EXERCISE DESCRIPTION: All that is wanted is the exact text of the lines below from the one with "2 X Terracotta" through the one with "Coques Case-Mate iPhone", inclusive, minus any pictures.

EXERCISE INPUTS:
★ ★ ★

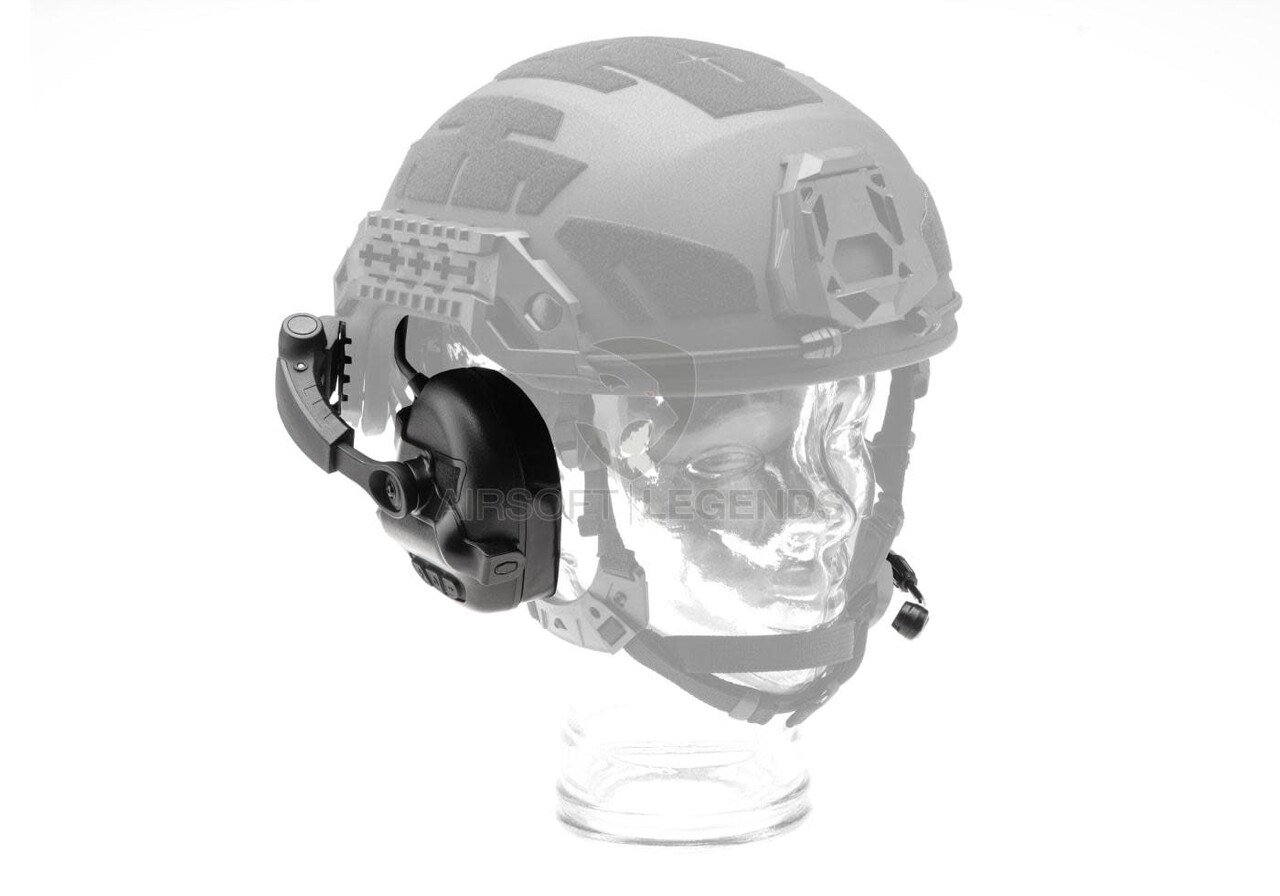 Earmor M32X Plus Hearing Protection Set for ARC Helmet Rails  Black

★ ★ ★

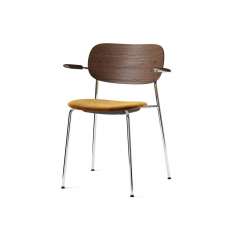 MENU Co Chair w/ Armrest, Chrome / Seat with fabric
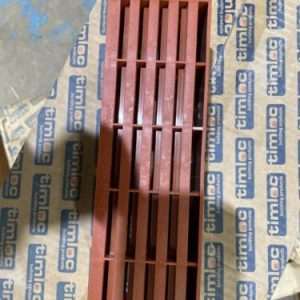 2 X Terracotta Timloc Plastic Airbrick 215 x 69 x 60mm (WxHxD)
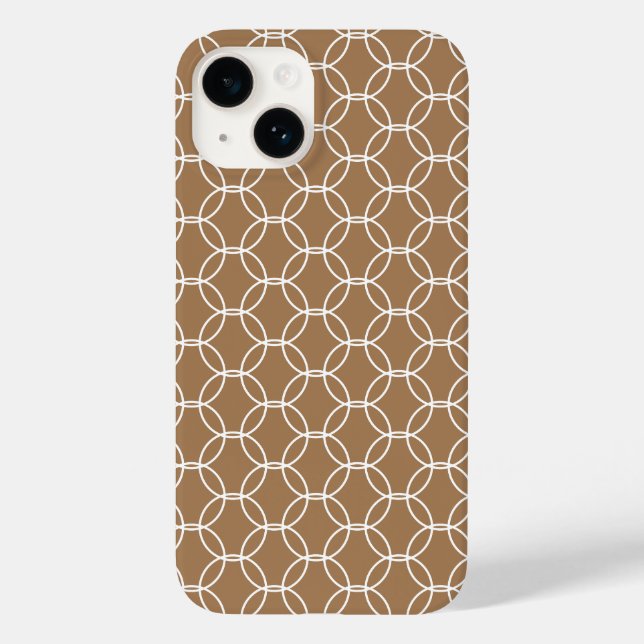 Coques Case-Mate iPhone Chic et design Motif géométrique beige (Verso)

★ ★ ★

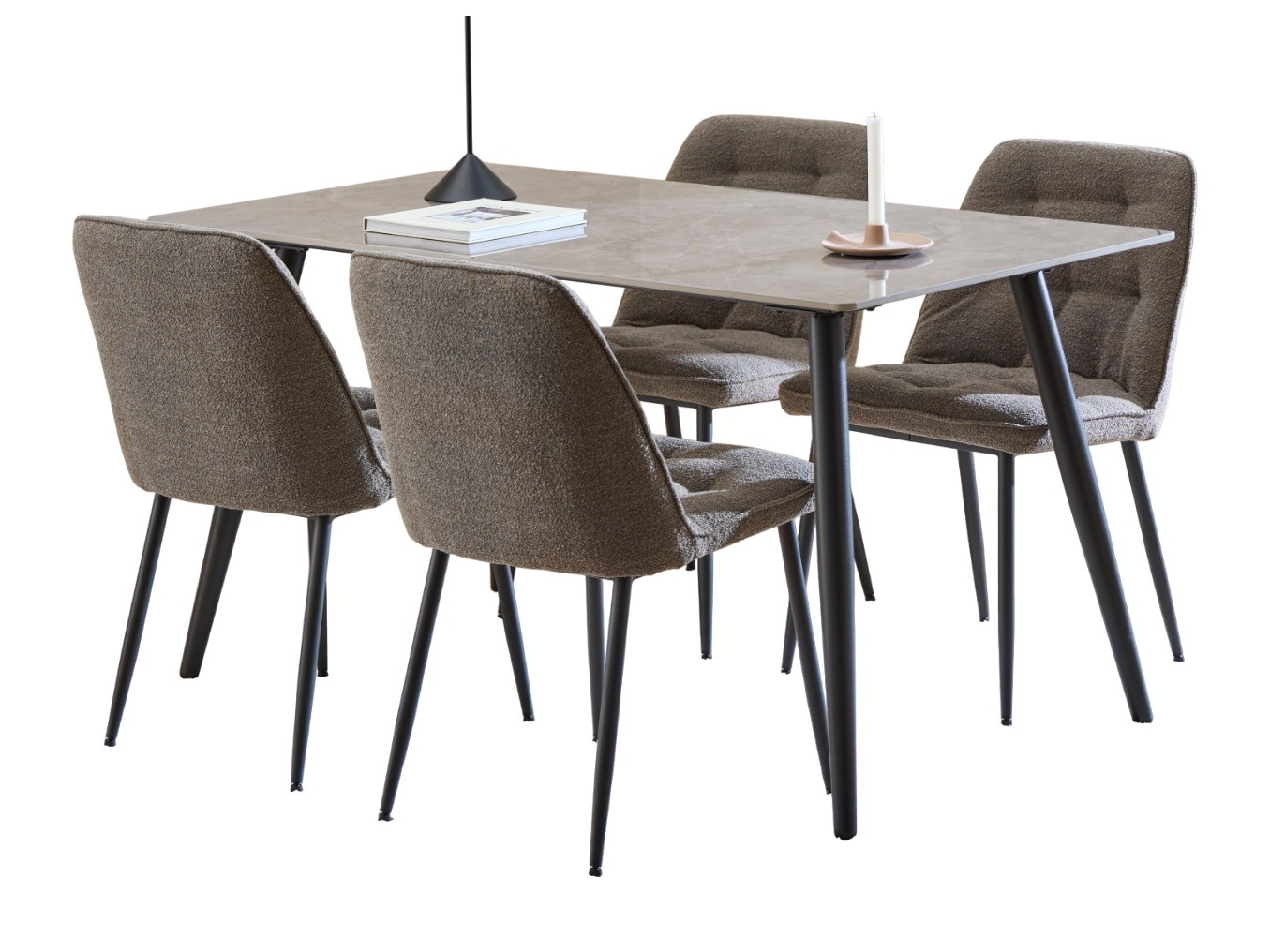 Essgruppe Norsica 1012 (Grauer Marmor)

★ ★ ★

EXERCISE RESULT:
 2 X Terracotta Timloc Plastic Airbrick 215 x 69 x 60mm (WxHxD)
 Coques Case-Mate iPhone Chic et design Motif géométrique beige (Verso)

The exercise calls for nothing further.